• _How to complete this task_:
Please give the listing again in full, leaving out its images.

• _Stored data_:
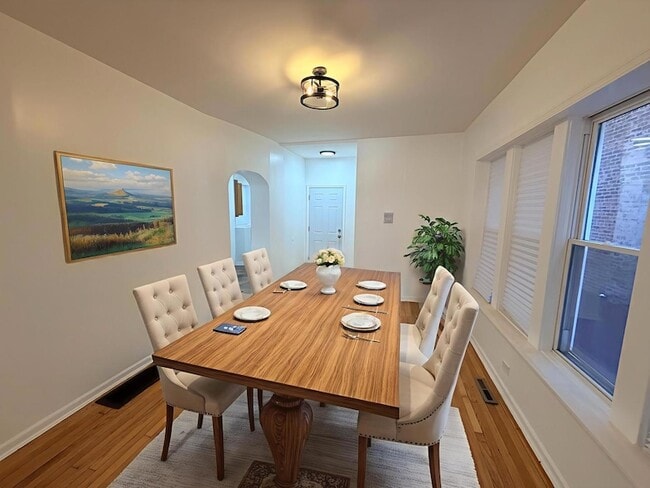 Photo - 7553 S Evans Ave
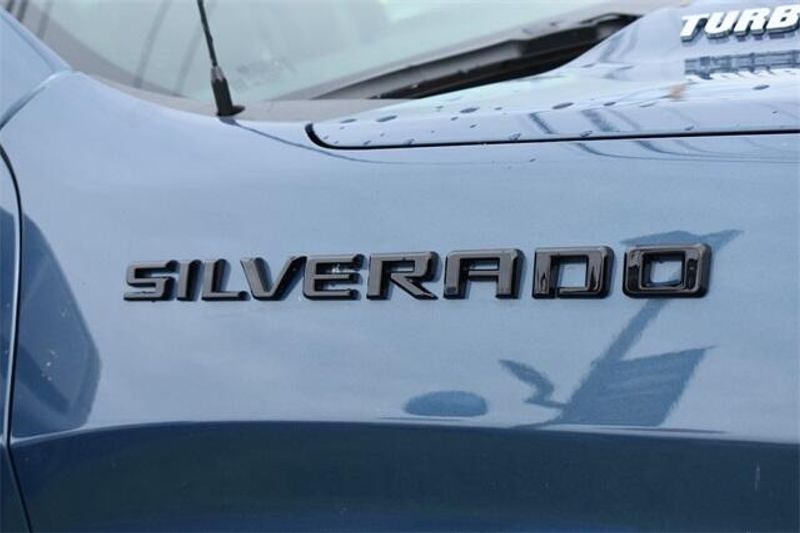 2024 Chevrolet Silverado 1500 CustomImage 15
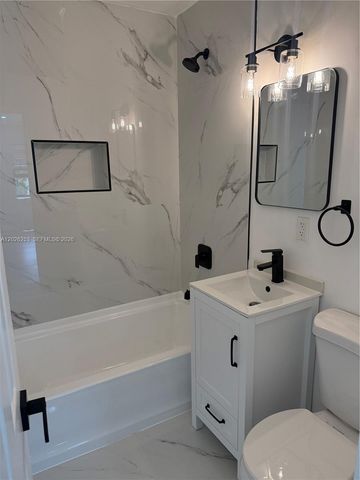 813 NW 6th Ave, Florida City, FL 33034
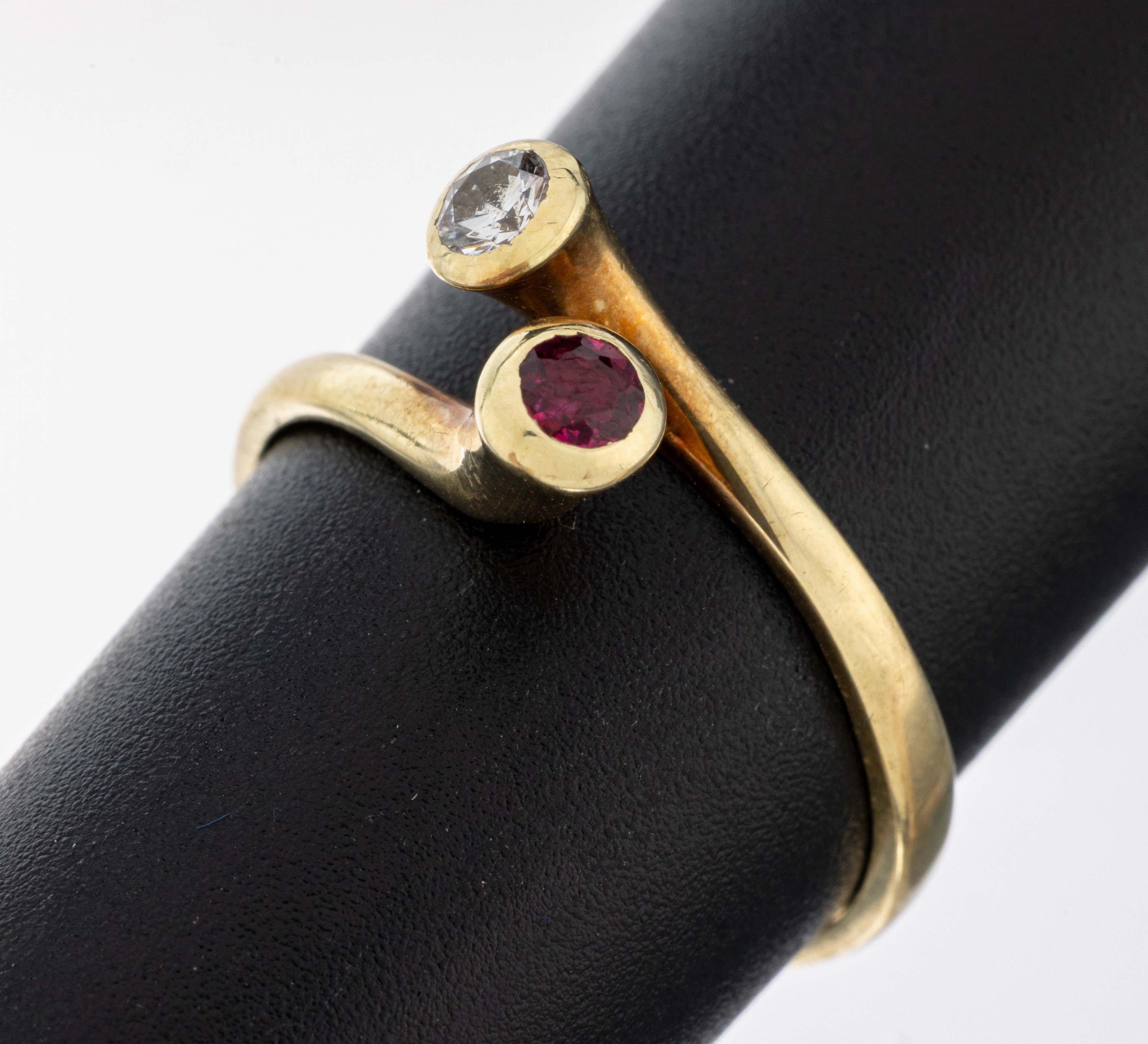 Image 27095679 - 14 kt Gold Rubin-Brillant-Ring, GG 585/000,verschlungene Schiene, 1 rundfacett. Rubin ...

• _Response area_:
 Photo - 7553 S Evans Ave
 2024 Chevrolet Silverado 1500 CustomImage 15
 813 NW 6th Ave, Florida City, FL 33034
 Image 27095679 - 14 kt Gold Rubin-Brillant-Ring, GG 585/000,verschlungene Schiene, 1 rundfacett. Rubin ...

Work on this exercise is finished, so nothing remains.